Ce jour de juillet 1982, on croise, au sortir de l’appartement où le gisant défiguré subit une expertise balistique, un Blier tétanisé, en proie sans doute au même questionnement qui tarauda Dewaere : « Et si le premier rôle dans Les Valseuses lui était revenu plutôt qu’au gros ? ». Trente ans plus tard, on assiste à la conférence d’un Lelouch toujours déchiré par le faux bond de ce roc fait « de cristal » que le réalisateur vouait à devenir un éblouissant Marcel Cerdan.
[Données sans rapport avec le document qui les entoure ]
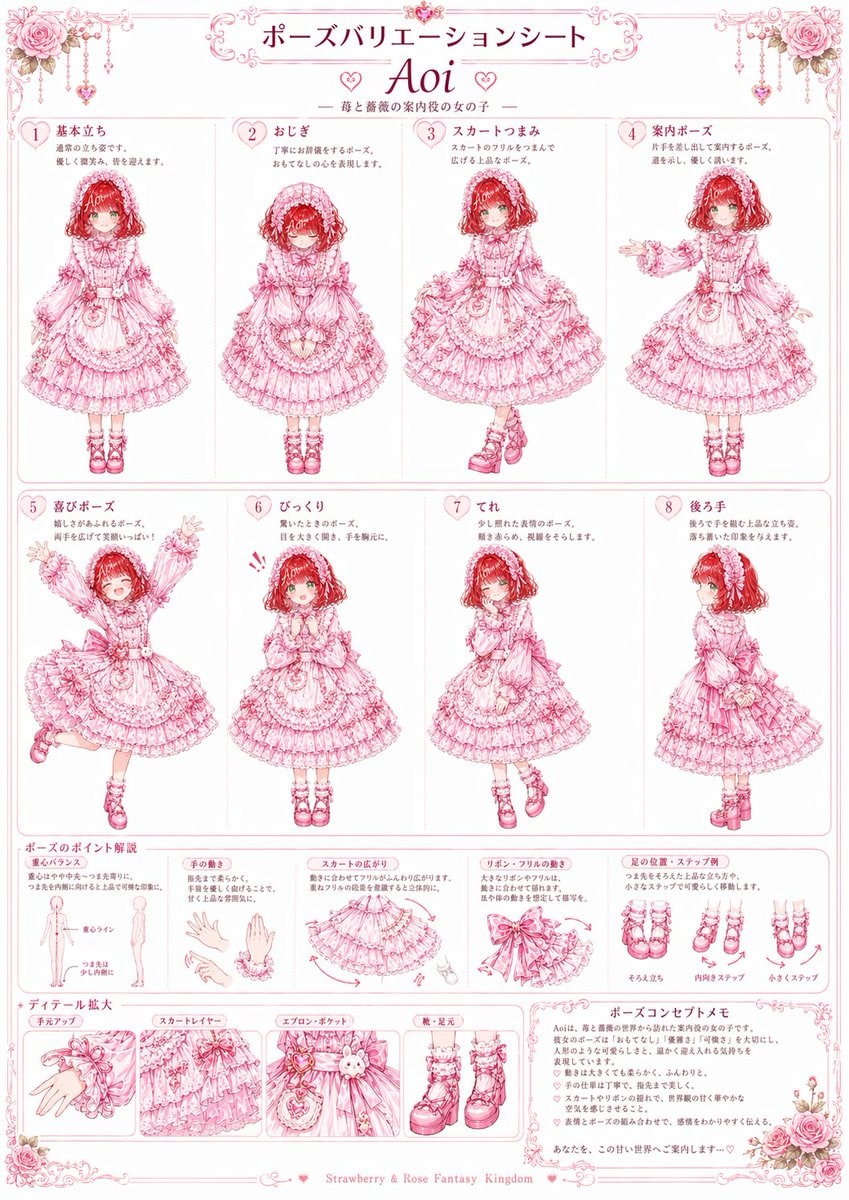 粉色 Lolita 姿势变化参考图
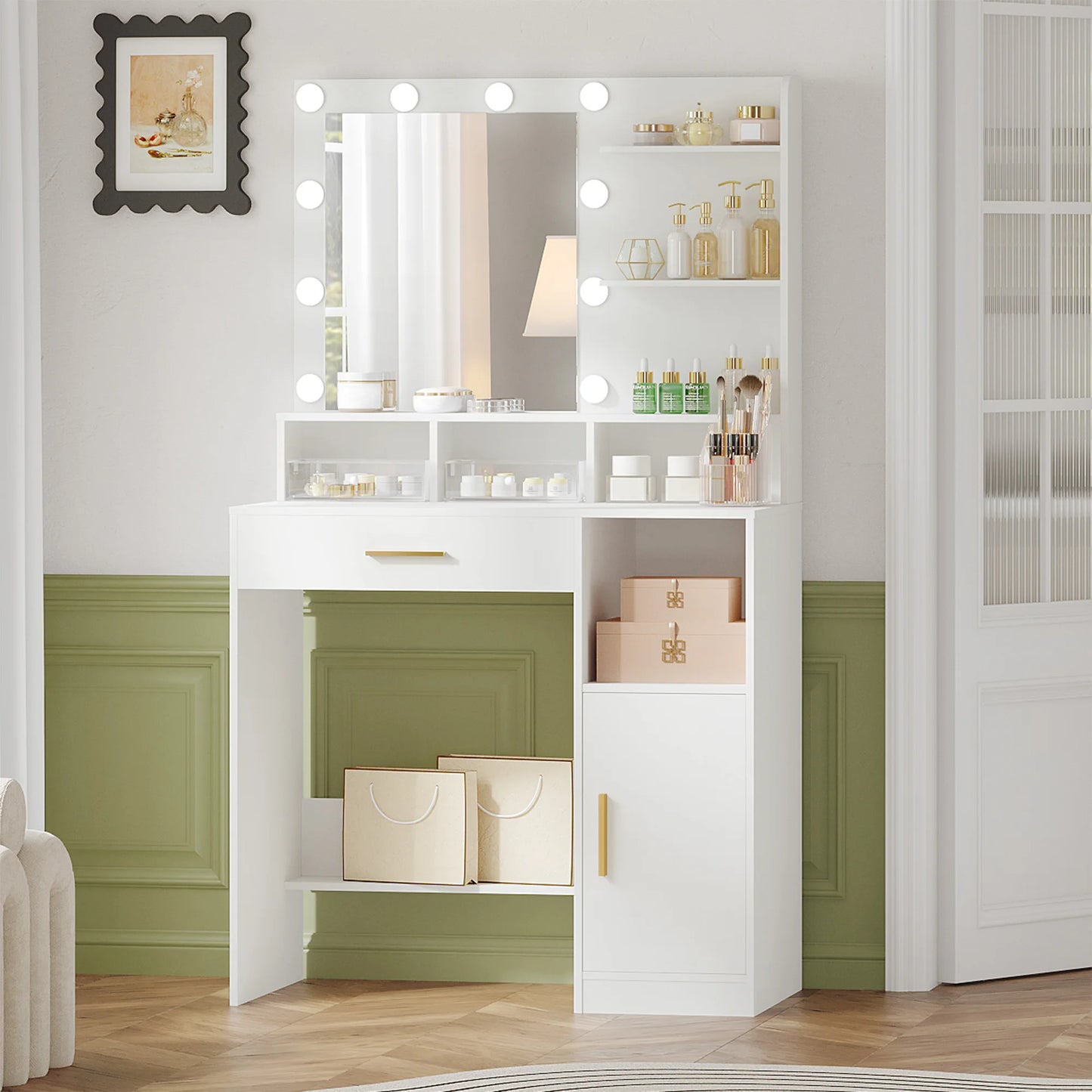 Hzuaneri Dressing Table with Mirror and 10 LED Lights, Vanity Unit with 3 Shelves & 4 Open Compartments, with Large Drawer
De cette noire légende qui n’est hélas qu’une triste histoire vraie, reste un acteur qui a tout de l'hapax dans l’histoire du cinéma hexagonal, qui ne jouait pas la rage mais la vivait, disant : « Ta scène, je vais te la faire, mais une seule fois » et démontant tout le décor. Reste « un frère parti fâché » (Guépy mérite un prix littéraire rien que pour cette formule) qu’on a envie d’étouffer dans une accolade à chaque fois que ce salaud se repointe. Reste cette épure nocturne, une page eau-forte, une page sanguine, qui compose une poignante mélodie en sous-sol et le premier roman-rush du XXIe siècle français.


Frédéric Saenen


Enguerrand Guépy, Un fauve, Éditions du Rocher, octobre 2016, 191 pp., 17, 90 euros.

7 commentaires

WIKI dit:


h non aspiré d'après le Larousse 1973 ou le Robert 1997, donc "l'hapax, pas le hapax".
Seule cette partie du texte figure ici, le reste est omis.